1
votes

We are building a streaming platform where it is essential to work with SQL's in batches.

val query = streamingDataSet.writeStream.option("checkpointLocation", checkPointLocation).foreachBatch { (df, batchId) => {

      df.createOrReplaceTempView("events")

      val df1 = ExecutionContext.getSparkSession.sql("select * from events")

      df1.limit(5).show()
      // More complex processing on dataframes

    }}.trigger(trigger).outputMode(outputMode).start()

query.awaitTermination()

Error thrown is :

org.apache.spark.sql.streaming.StreamingQueryException: Table or view not found: events
Caused by: org.apache.spark.sql.catalyst.analysis.NoSuchTableException: Table or view 'events' not found in database 'default';

Streaming source is Kafka with watermarking and without using Spark-SQL we are able to execute dataframe transformations. Spark version is 2.4.0 and Scala is 2.11.7. Trigger is ProcessingTime every 1 minute and OutputMode is Append.

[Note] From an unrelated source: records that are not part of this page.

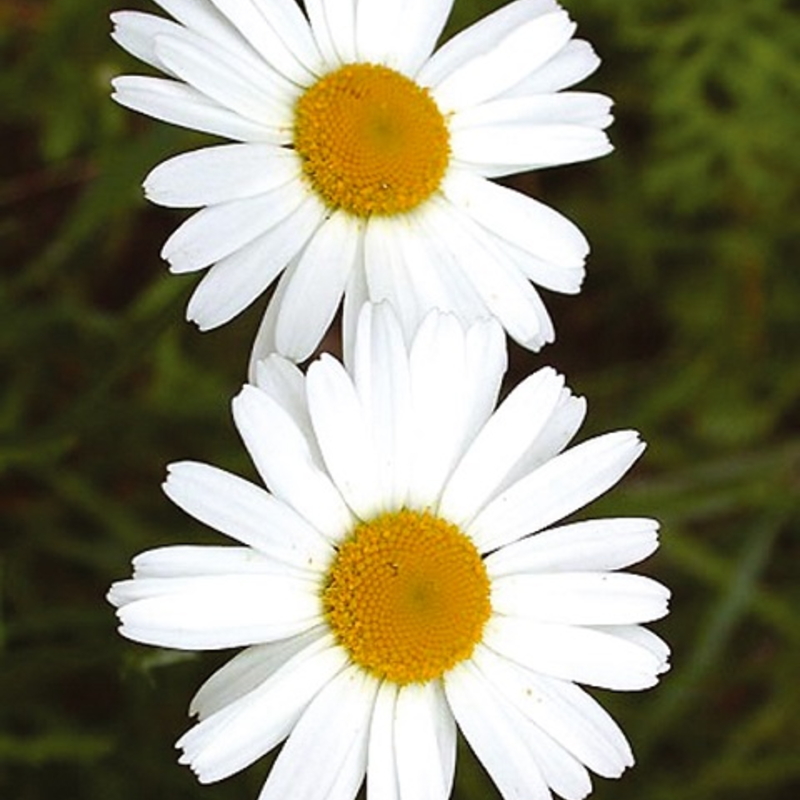 Ox Eye Daisy Seeds (Leucanthemum vulgare)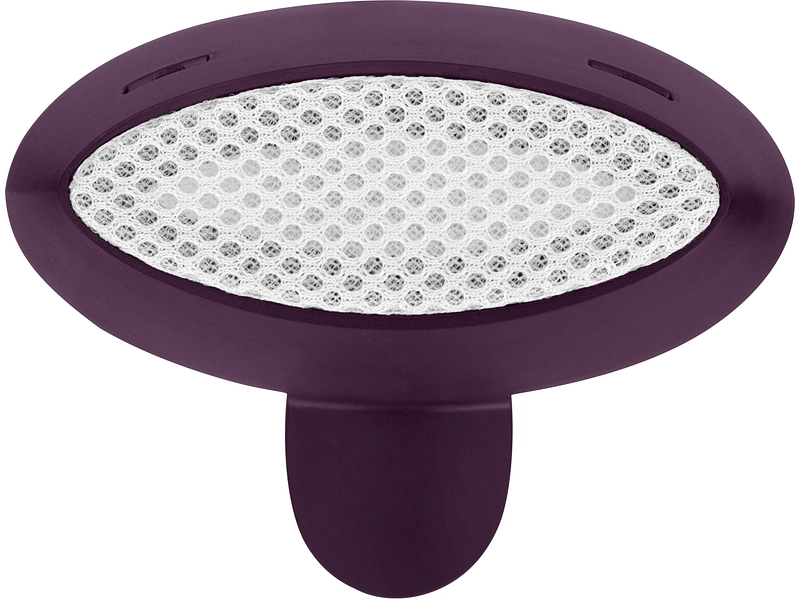 RUSSELL HOBBS Dampfglätter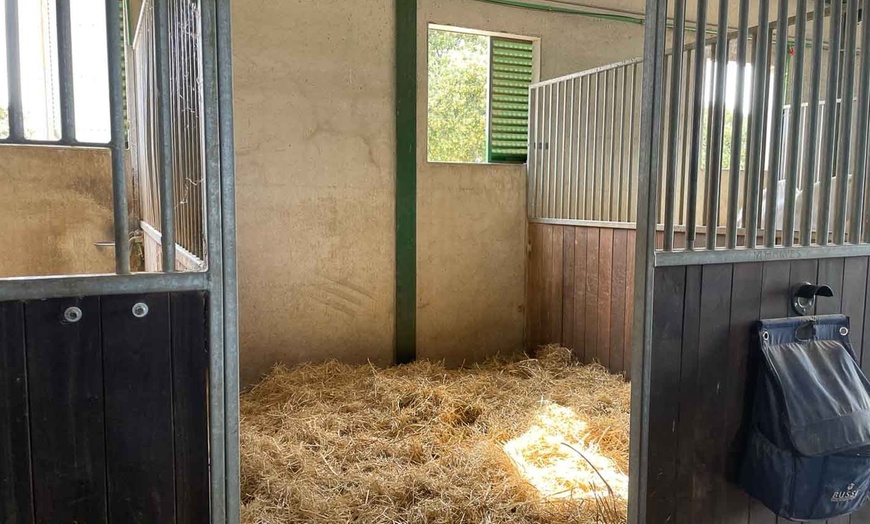 Image 13: Ruta de 1 hora a caballo para hasta 4 personas con opción a iniciación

Is there any other approach to facilitate use of spark-sql within foreachBatch ? Would it work with upgraded version of Spark - in which case to version do we upgrade ? Kindly help. Thank you.

1

1 Answers

3
votes

tl;dr Replace ExecutionContext.getSparkSession with df.sparkSession.


The reason of the StreamingQueryException is that the streaming query tries to access the events temporary table in a SparkSession that knows nothing about it, i.e. ExecutionContext.getSparkSession.

The only SparkSession that has this events temporary table registered is exactly the SparkSession the df dataframe is created within, i.e. df.sparkSession.